- **EXERCISE OBJECTIVE**
From the entries that follow, extract each line holding the string "Phone".

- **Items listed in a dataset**
++++

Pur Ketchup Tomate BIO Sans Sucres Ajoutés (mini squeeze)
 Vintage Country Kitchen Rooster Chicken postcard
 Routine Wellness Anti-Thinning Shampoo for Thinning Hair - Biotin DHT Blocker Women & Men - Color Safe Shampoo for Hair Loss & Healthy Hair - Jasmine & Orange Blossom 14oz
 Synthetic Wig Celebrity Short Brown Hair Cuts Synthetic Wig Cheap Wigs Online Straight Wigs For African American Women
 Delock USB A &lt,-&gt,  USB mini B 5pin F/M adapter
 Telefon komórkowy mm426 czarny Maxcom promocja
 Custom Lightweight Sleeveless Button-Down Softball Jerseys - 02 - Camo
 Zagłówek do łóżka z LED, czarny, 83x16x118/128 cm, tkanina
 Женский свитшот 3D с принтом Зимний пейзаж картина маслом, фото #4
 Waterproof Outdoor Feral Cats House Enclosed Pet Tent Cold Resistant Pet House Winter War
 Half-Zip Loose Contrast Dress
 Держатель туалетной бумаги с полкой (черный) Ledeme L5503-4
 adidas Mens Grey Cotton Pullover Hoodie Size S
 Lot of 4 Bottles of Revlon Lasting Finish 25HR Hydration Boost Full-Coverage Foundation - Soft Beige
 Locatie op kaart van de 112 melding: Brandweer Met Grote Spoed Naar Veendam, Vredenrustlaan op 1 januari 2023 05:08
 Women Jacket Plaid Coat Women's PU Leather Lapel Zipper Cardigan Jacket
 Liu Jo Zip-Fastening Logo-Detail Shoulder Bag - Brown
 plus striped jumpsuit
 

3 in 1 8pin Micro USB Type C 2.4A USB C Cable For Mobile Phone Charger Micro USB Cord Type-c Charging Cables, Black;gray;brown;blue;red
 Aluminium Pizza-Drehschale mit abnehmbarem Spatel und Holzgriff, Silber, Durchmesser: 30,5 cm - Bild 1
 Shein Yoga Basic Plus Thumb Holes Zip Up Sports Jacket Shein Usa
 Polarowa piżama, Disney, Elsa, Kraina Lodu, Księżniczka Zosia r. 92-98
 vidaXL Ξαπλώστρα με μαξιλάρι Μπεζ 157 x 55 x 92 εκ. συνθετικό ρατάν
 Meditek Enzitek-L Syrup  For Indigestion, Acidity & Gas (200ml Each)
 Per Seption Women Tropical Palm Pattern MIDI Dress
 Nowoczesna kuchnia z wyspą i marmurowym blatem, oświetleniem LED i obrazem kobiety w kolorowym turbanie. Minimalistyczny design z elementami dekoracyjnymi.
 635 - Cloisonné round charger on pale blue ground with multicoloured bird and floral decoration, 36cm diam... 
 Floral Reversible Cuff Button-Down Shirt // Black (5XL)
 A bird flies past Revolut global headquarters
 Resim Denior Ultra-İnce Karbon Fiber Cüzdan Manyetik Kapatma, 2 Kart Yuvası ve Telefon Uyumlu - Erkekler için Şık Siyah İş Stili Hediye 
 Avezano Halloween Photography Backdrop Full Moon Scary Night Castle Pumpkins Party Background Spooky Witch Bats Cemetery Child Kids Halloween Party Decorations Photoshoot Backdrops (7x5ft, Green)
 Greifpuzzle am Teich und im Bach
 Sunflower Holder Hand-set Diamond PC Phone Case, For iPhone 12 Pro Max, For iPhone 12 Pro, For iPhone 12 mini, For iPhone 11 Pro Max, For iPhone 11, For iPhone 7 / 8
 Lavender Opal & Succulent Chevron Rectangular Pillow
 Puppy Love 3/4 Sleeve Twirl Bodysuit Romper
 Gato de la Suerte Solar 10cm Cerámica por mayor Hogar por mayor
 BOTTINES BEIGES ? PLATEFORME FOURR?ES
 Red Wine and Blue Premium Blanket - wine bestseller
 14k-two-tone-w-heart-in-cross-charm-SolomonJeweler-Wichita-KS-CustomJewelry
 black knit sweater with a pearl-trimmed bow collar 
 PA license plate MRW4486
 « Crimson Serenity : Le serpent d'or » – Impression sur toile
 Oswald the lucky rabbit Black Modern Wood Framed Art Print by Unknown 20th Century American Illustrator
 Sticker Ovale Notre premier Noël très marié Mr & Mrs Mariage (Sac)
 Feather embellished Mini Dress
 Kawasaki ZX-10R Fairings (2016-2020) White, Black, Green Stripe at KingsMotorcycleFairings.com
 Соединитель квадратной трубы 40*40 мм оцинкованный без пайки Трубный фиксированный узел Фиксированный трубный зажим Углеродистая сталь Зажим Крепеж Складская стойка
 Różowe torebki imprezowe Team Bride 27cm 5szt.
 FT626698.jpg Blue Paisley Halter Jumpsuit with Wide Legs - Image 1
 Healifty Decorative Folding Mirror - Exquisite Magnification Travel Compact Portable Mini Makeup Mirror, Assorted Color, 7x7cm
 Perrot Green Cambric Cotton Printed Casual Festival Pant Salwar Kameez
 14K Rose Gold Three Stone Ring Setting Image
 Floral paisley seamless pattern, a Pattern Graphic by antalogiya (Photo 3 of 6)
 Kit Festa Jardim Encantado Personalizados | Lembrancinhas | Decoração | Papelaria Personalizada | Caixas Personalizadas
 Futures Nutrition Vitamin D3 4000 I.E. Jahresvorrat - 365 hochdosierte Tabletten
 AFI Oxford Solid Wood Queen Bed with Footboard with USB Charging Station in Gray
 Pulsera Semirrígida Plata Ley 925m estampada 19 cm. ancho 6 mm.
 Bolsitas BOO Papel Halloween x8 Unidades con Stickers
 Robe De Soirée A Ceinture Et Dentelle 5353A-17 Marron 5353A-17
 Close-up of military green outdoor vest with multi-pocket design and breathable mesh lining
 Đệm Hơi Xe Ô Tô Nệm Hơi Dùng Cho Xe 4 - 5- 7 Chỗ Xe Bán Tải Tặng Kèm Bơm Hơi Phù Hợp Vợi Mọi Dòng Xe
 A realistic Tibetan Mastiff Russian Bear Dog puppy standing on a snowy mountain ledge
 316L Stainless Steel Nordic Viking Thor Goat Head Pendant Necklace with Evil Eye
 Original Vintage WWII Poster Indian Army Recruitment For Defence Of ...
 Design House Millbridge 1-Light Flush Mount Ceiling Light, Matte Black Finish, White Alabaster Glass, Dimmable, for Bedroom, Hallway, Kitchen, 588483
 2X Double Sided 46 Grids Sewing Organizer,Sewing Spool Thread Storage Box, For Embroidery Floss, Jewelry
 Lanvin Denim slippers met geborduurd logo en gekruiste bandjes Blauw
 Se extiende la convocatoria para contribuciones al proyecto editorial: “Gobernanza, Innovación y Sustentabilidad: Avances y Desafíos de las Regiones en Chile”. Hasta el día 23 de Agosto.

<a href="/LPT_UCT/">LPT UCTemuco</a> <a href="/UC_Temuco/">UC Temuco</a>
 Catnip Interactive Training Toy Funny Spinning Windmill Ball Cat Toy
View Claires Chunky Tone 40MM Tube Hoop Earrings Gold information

++++

- **WRITTEN ANSWER**
3 in 1 8pin Micro USB Type C 2.4A USB C Cable For Mobile Phone Charger Micro USB Cord Type-c Charging Cables, Black;gray;brown;blue;red
 Sunflower Holder Hand-set Diamond PC Phone Case, For iPhone 12 Pro Max, For iPhone 12 Pro, For iPhone 12 mini, For iPhone 11 Pro Max, For iPhone 11, For iPhone 7 / 8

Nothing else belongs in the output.